As mentioned earlier, the Logs store every event that happens on a ballot box. This first step aims to filter only vote-related events, like ‘The voter voted for PRESIDENT’, ‘The Voter had fingerprints collected’, and ‘The vote was computed’ that happened on the election days (that’s important, as the logs also store training sections and other administrative procedures realized).

A simple query, but with a lot of text and date manipulations:


VOTES_DESCRIPTIONS = [
# VOTES
"event_description = 'Aguardando digitação do título'",
# Awaiting voter's title (Voter Registration ID) input
"event_description = 'Título digitado pelo mesário'",
# Voter's title entered by the poll worker
"event_description = 'Eleitor foi habilitado'",
# Voter has been enabled
"event_description ILIKE 'Voto confirmado par%'",
# Vote confirmed for ... could be [PRESIDENT, SENATOR, DEPUTY, ...]
"event_description = 'O voto do eleitor foi computado'",
# Voter's vote has been computed
]

ACCEPTED_DATES = [
'2022-10-02', '2022-10-30', # Constitutional date of the election filter
'2022-10-03', '2022-10-31',
]

query = F"""
SELECT
*
FROM (
SELECT
event_timestamp,
event_timestamp::date AS event_date,
event_type,
some_id,
event_system,
event_description,
event_id,

REPLACE(SPLIT_PART(filename, '/', 5), '_new.csv', '') AS filename,

-- Metadata from filename
SUBSTRING( SPLIT_PART(SPLIT_PART(filename, '/', 5), '-', 2), 1, 5 ) AS city_code,
SUBSTRING( SPLIT_PART(SPLIT_PART(filename, '/', 5), '-', 2), 6, 4 ) AS zone_code,
SUBSTRING( SPLIT_PART(SPLIT_PART(filename, '/', 5), '-', 2), 10, 4 ) AS section_code,
REPLACE(SPLIT_PART(filename, '/', 4), '2_', '') AS uf
FROM
{DATASET}
WHERE 1=1
AND ( {' OR '.join(VOTES_DESCRIPTIONS)} )
) _
WHERE 1=1
AND event_date IN ({', '.join([F"'{date}'" for date in ACCEPTED_DATES])})
"""

In this query, another advantage of DuckDB is highlighted, the ability to read and write partitioned data. Table partitioning is very relevant in the context of Big Data, but is still even more significant in the single-machine paradigm, given that we’re operating the same disk for input and output, i.e., it suffers twice, and every optimization is welcome.

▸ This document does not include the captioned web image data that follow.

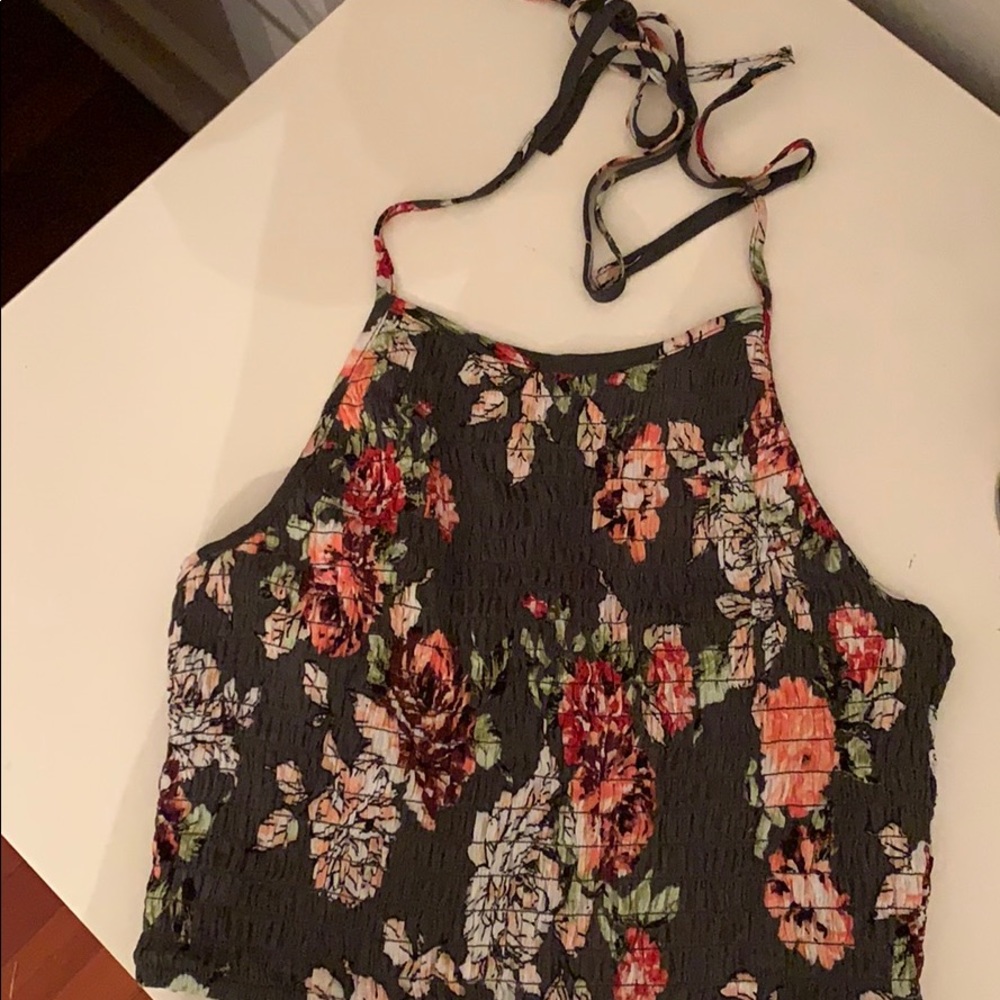 Cropped floral halter top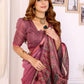 Rosewood Elegance Chanderi Saree with Ethnic Motif Border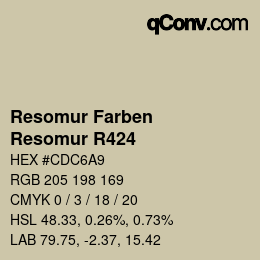 カラーコード: Resomur Farben - Resomur R424 | qconv.com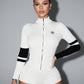 NICOLE Knitted High Collar Zipper Tight Romper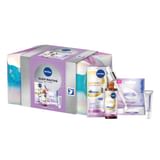 NIVEA Glow Routine Cofanetto regalo donna, Set regalo donna con Luminous630 Skin Glow Siero Viso Luminosità Immediata 30 ml, Labello Burrocacao Labbra Glowy Lips 10 ml e travel bag omaggio inclusa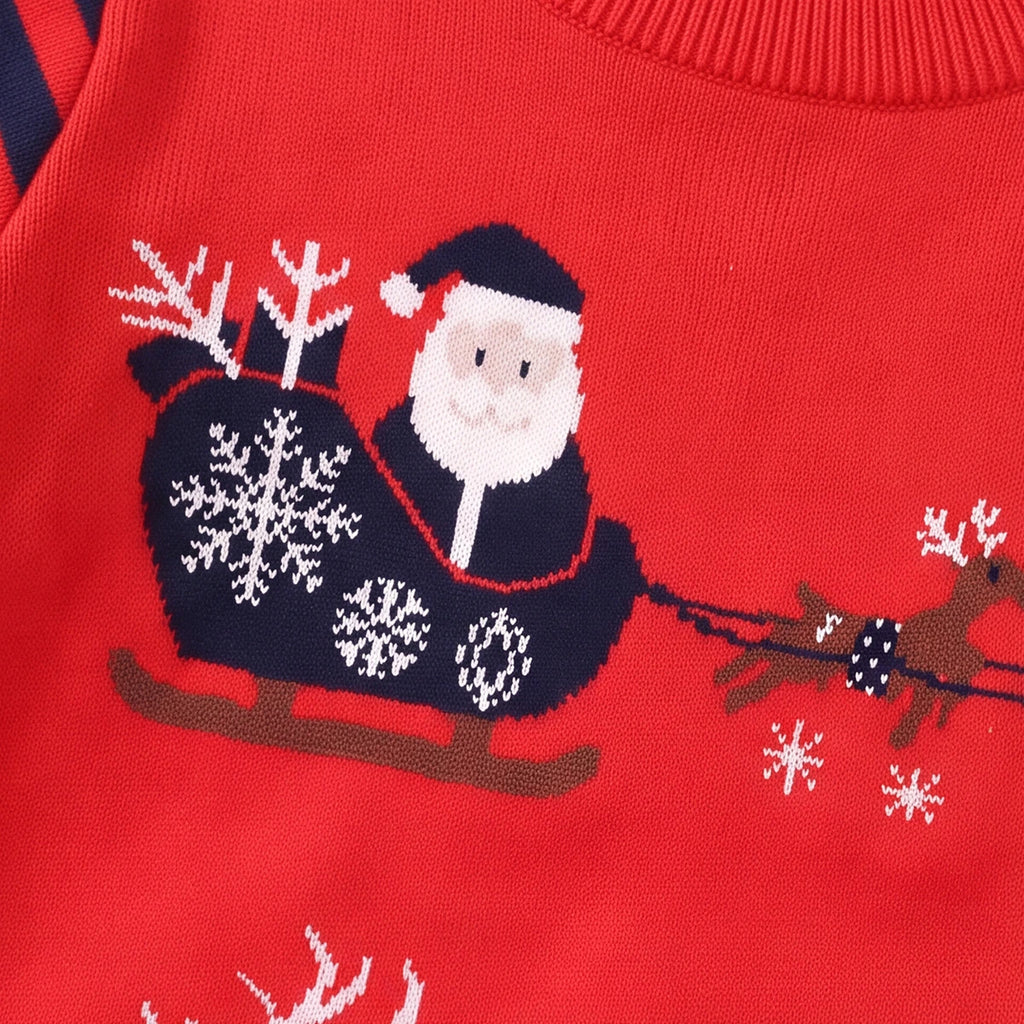 Boys Red Self-Design Christmas Themed Knitted Sweater Sweaters & Cardigans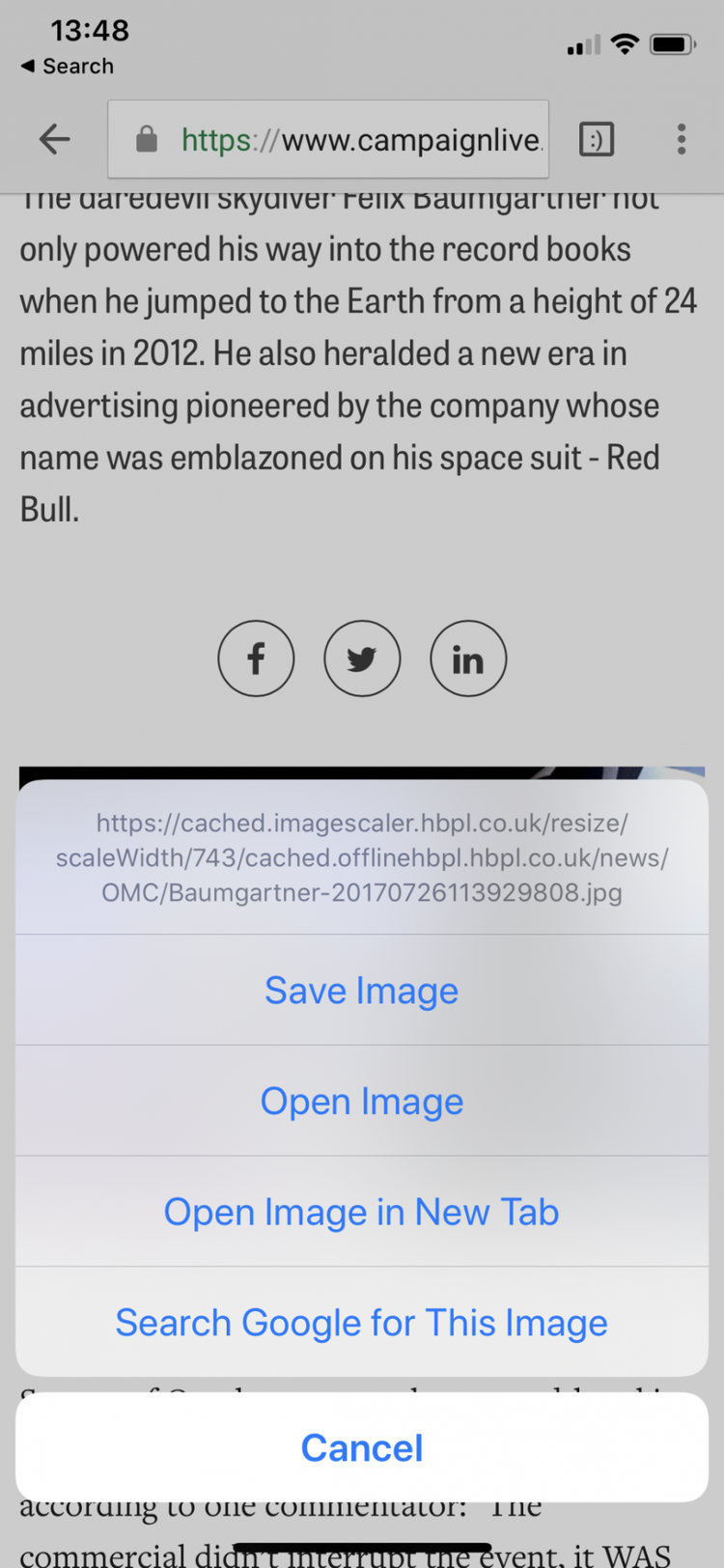 Screenshot: Chrome auf iOS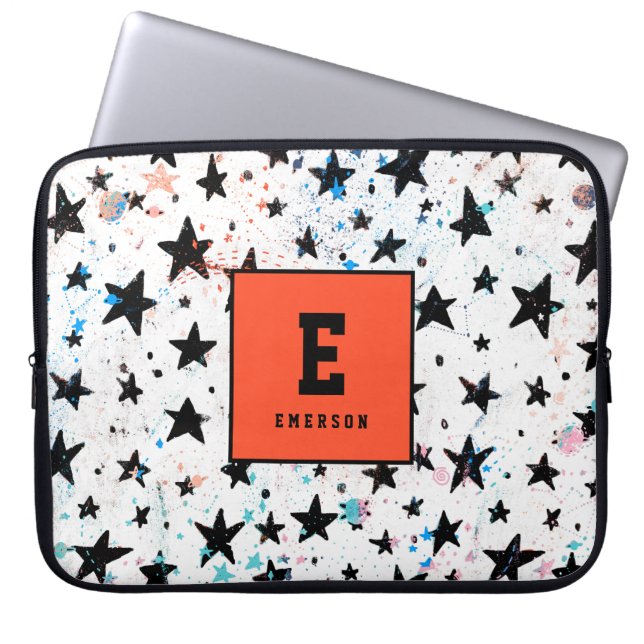 sterren en ruimtevaart - astronomisch patroon laptop sleeve (Voorkant)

Originally, we had 97Gb, but after ~30min, we were left with 63Gb of Parquet.

Isolate votes and their attributes

As each vote is composed of several lines, we need to condense all the information in a unique record, to ease the calculations. Here things get complicated, as the query gets complex and, unfortunately, DuckDB could not process all the data in one go.

To overcome this issue, I did a loop to process the data incrementally in slices:

for state in states:
for date in ACCEPTED_DATES:
for zone_group in ZONE_GROUPS:
query = F"""
COPY
{
complex_query_goes_here
.replace('<uf>', state)
.replace('<event_date>', date)
.replace('<zone_id_min>', str(zone_group[0]))
.replace('<zone_id_max>', str(zone_group[1]))
}
TO 'VOTES.parquet'
(FORMAT 'parquet', PARTITION_BY (event_date, uf, zone_group), OVERWRITE_OR_IGNORE 1);
"""

The implementation details don’t matter, the interesting part is that we don’t need to change the code too much to build this final table incrementally. As each ‘slice’ processed represents a partition, by setting the parameter OVERWRITE_OR_IGNORE to 1, DuckDB will automatically overwrite any existing data for that partition or ignore it if it already exists.

Originally, we had 63GB, after ~1 hour and 20 minutes, we ended up with 15GB of Parquet.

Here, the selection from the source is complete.